Apple’s product security team has also undergone changes. Again, according to the same report, the team was broken up last year and the privacy group began reporting to a new manager. Some members of the team were absorbed by Mr. DeAtley’s Core OS Security Engineering team.
At the moment, it appears that the government is unwilling or unable to share the method by which Apple’s phone systems were unlocked. For one thing, the company that hacked into the iPhone for the FBI did it with methods that are proprietary to the hacker. While Apple’s competitors, hackers, and other security organizations may be pressuring the hacker in question to share its methods, would Tim Cook’s like to see that happen?
As he ponders his options, Tim Cook may be weighing several questions:
- Should he have his company approach the federal government for help in gaining access to the methods used to hack the iPhone?

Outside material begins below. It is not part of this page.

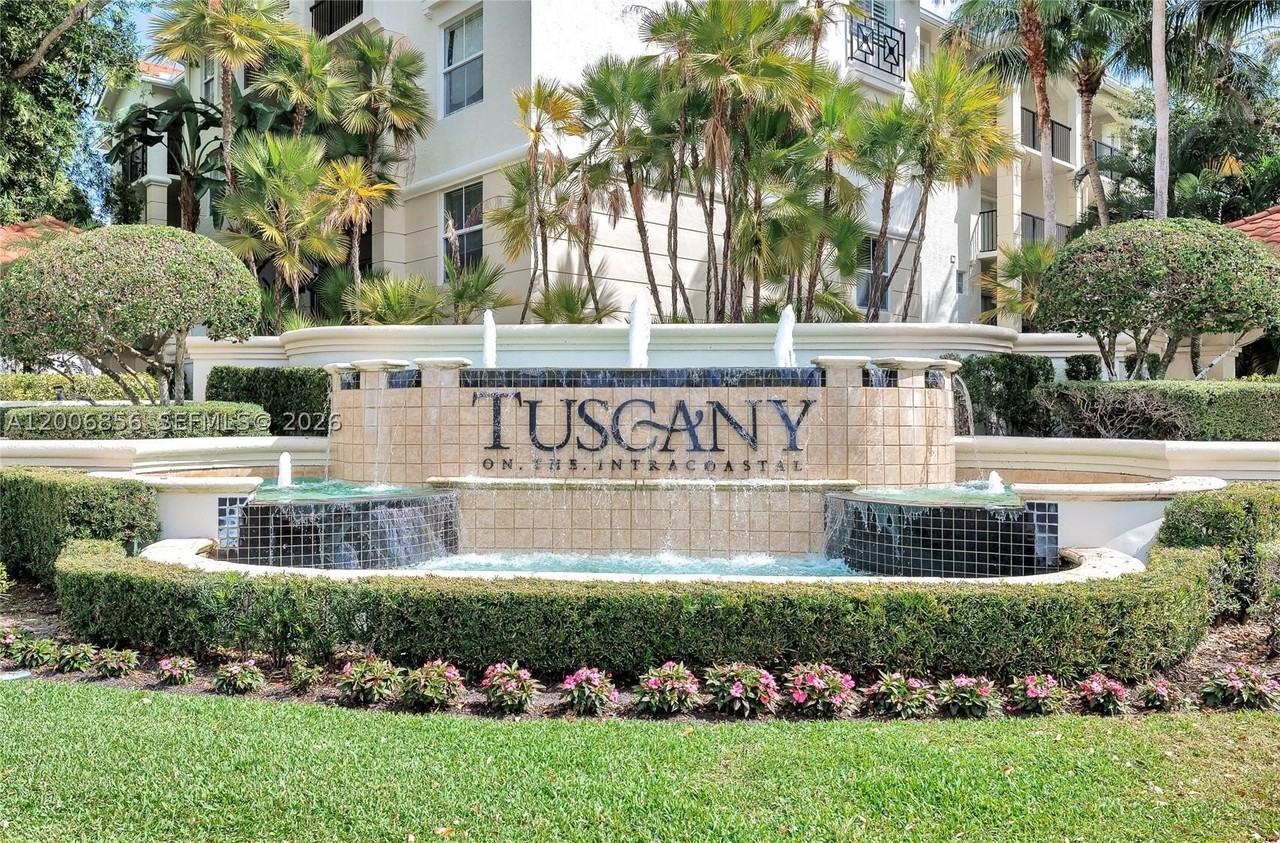 2220 Tuscany Way #2220 - Photo 4 of 43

- Should he alter Apple’s well-known strategy of creating an essentially closed (vs. Microsoft’s more open) system, one that welcomes only outsiders that are willing to design apps for Apple products?
- Should he begin rewarding hackers for breaking into Apple’s products, something they probably regard as a very high-profile achievement?
- Should he reassign Dallas DeAtley to his old job and/or reconstitute the product security group?
- What, if anything, needs to be done to reassure Apple’s customers that it is doing everything possible to ensure that its products are secure?
As Tim Cook, what else would be on your mind and in your plans? What would you do? Why? What do you think?
Reference:
Katie Benner, John Markoff, and Nicole Perlroth, Apple’s Newest Challenge: Learning How Government Cracked Its iPhone, The New York Times, March 30, 2016, pp. B1 and B6, quoted from B6.